Miniature Model Mysteries

Commenters expressed both awe and skepticism regarding the remarkably low parameter counts achieved, particularly by hand-coded models. Some questioned the >99% accuracy threshold, suggesting it might hide deeper issues or imply that these highly optimized solutions are not truly 'discoverable' through standard training. The discrepancy between hand-coded and trained parameter counts sparked discussion on the limits of current training algorithms versus theoretical architectural efficiency.

Definitional Debates

A core theme revolved around the strict rules defining a 'genuine autoregressive transformer' and whether some highly optimized solutions stretched the spirit of the challenge. Discussion centered on the distinction between the model doing the work versus problem-specific logic in the inference code. Commenters explored how transformers, composed of matrix multiplications, process numerical inputs versus a direct mathematical operation, reinforcing the challenge's constraint that carry propagation must emerge from the autoregressive process.
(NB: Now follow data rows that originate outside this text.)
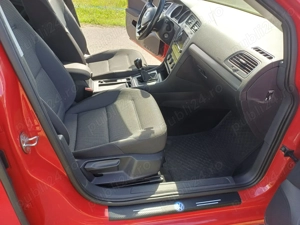 Volkswagen golf 7 an 2013 2014, motor 1.4 benzina 122cp, 155000 km reali - imagine 6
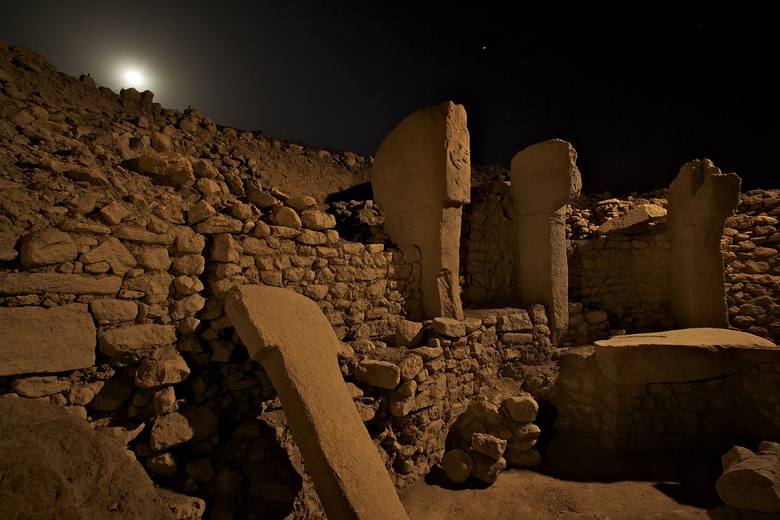 Megalityczne świątynie wzniosła na Malcie cywilizacja, która w tajemniczy sposób zniknęła nagle ok. 2500 r. p.n.e.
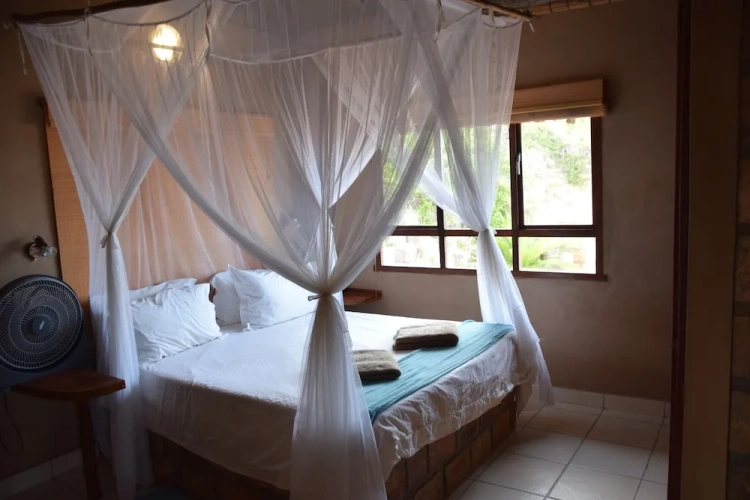 2 Bedrooms Cottage with ocean view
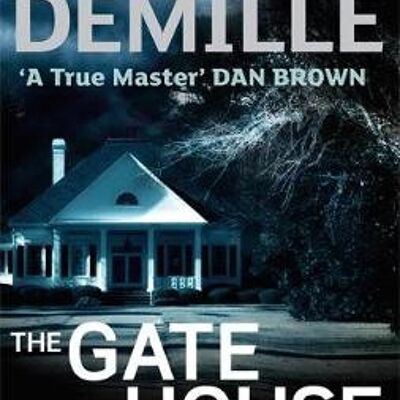 The Gate House by Nelson DeMille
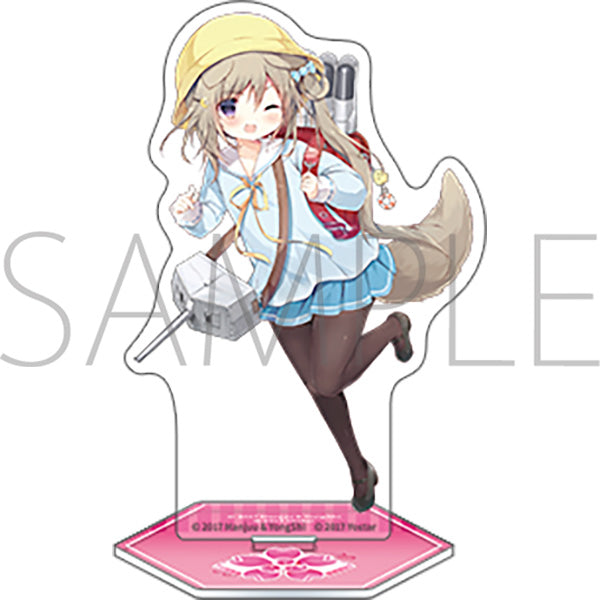 アズールレーン アクリルスタンド 長月【予約商品】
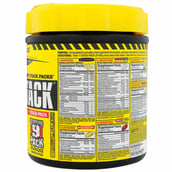 supplement - Allmax Vitastack,  30 sachets/pack  Unflavoured 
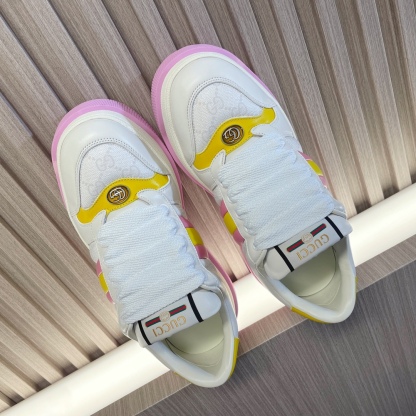 G style Fatso Dirty Shoes Casual Shoes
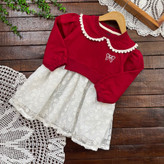 قیمت و خرید اینترنتی پیراهن دخترونه دو تیکه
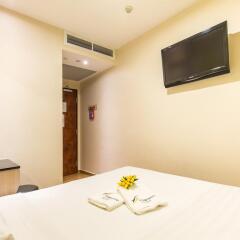Отель Fragrance Hotel - Ocean View (SG Clean) Сингапур, Сингапур - отзывы, цены и фото номеров - забронировать отель Fragrance Hotel - Ocean View (SG Clean) онлайн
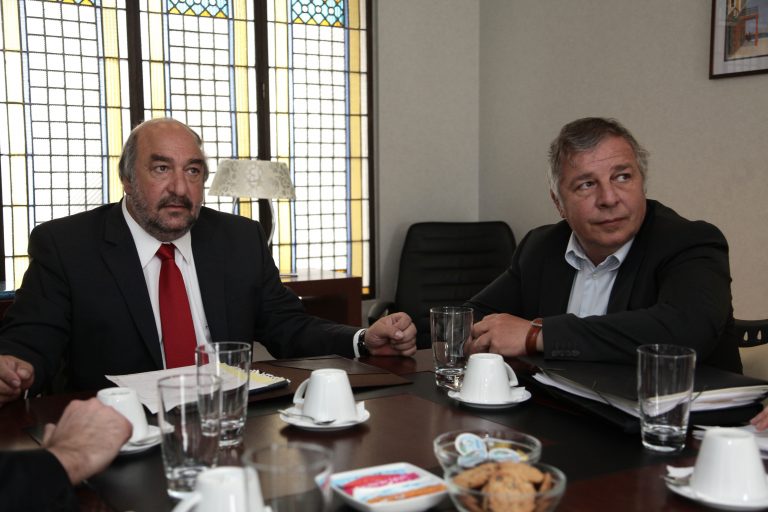 Προς αναβολή τα πλέι-οφ! | Newsit.gr Προς αναβολή τα πλέι-οφ! | Newsit.gr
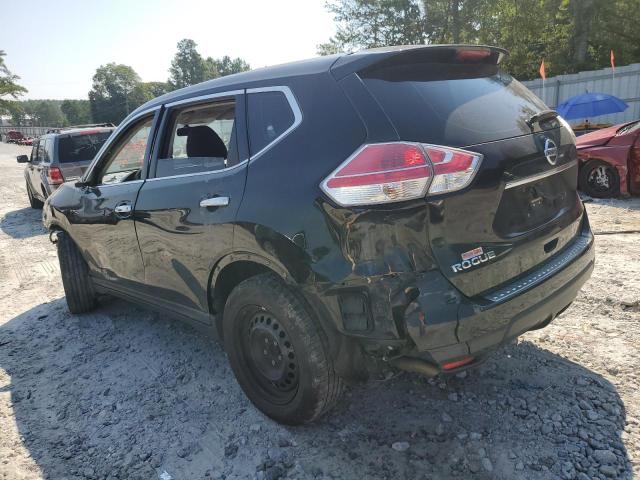 Image 2 of 2015 NISSAN ROGUE S 2015 with VIN KNMAT2MT3FP558369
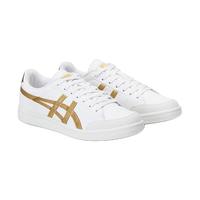 Onitsuka Tiger鬼塚虎低帮休闲鞋男女鞋舒适板鞋小白鞋 ADVANTI 白色 36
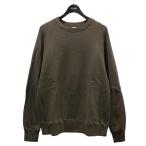 ロンハーマン Ron Herman スウェットトレーナー 3820900036 ブラウン サイズ：M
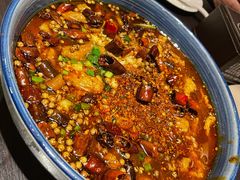 -好嫂子酱猪手•农家菜(蒲黄榆店)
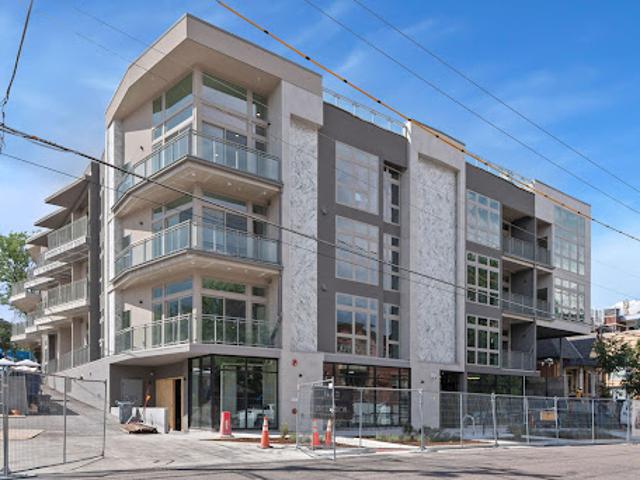 Apartment for sale in Denver, Colorado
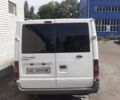 Білий Форд Транзит, об'ємом двигуна 2.2 л та пробігом 291 тис. км за 6500 $, фото 9 на Automoto.ua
Future Feature Fabrications

Users speculated on the broader implications and potential applications of such specialized, minimalist transformers. Ideas ranged from embedding these single-purpose networks with fixed weights directly into larger Language Models (LLMs) before pre-training, to the theoretical possibility of distilling an arbitrary transformer into compact, fast hardware gates. There was also a humorous jab at the general tendency to over-engineer solutions, with a suggestion to 'wrap it all in an Electron app'.